## [Collected material]
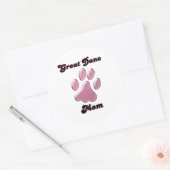 Great Dane Mom Pink Pawprint – ステッカー (封筒)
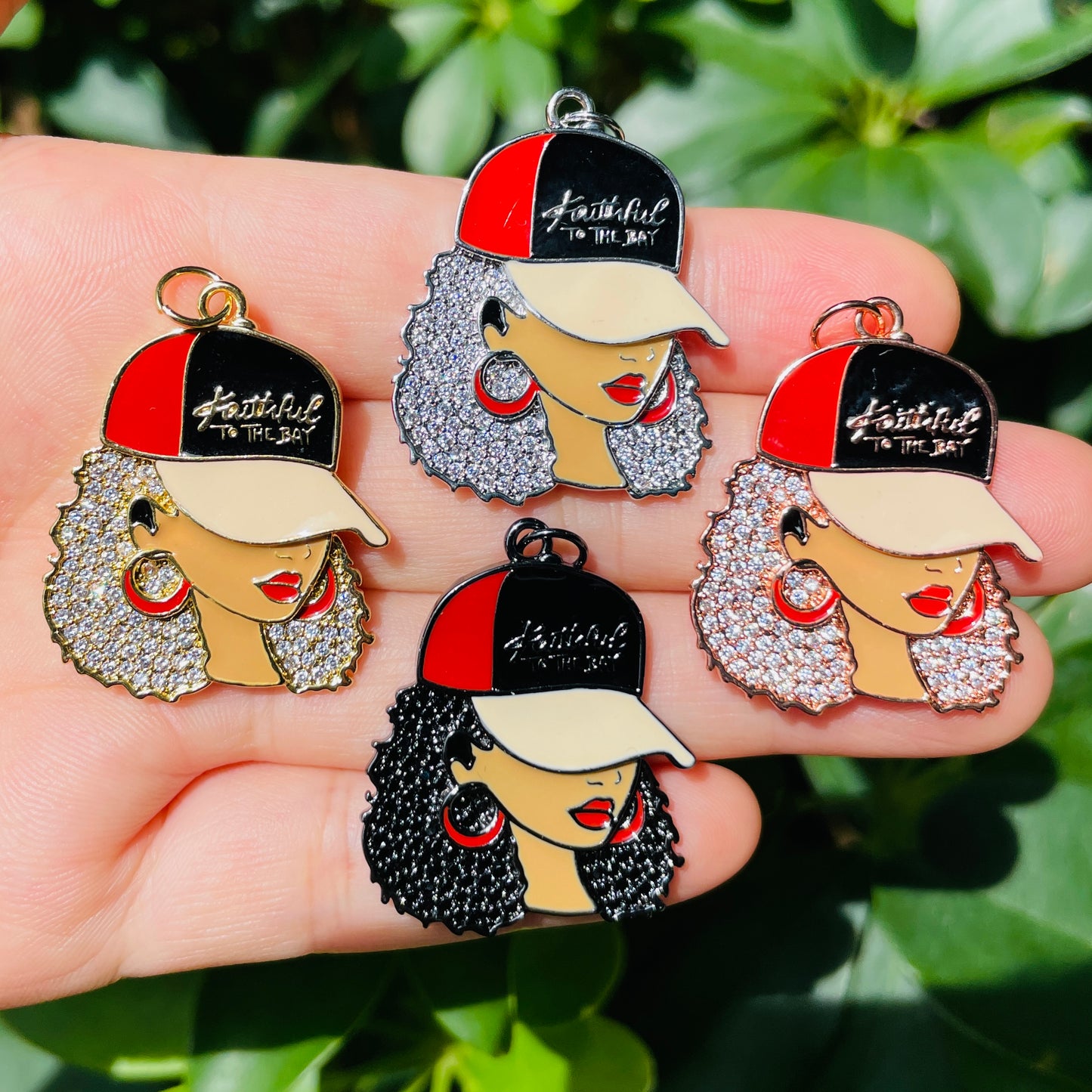 10pcs/lot CZ Paved Faithful to The Bay San Francisco 49ERs Afro Black Girl Charms CZ Paved Charms Afro Girl/Queen Charms American Football Sports New Charms Arrivals Charms Beads Beyond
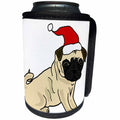 3dRose All Smiles Art Pets - Funny Cute Pug in Santa hat Christmas cartoon - Can Cooler Bottle Wrap (cc_263941)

## [Assignment]
The listing above must be repeated exactly, apart from the pictures.

## [Answer space]
 Great Dane Mom Pink Pawprint – ステッカー (封筒)
 10pcs/lot CZ Paved Faithful to The Bay San Francisco 49ERs Afro Black Girl Charms CZ Paved Charms Afro Girl/Queen Charms American Football Sports New Charms Arrivals Charms Beads Beyond
 3dRose All Smiles Art Pets - Funny Cute Pug in Santa hat Christmas cartoon - Can Cooler Bottle Wrap (cc_263941)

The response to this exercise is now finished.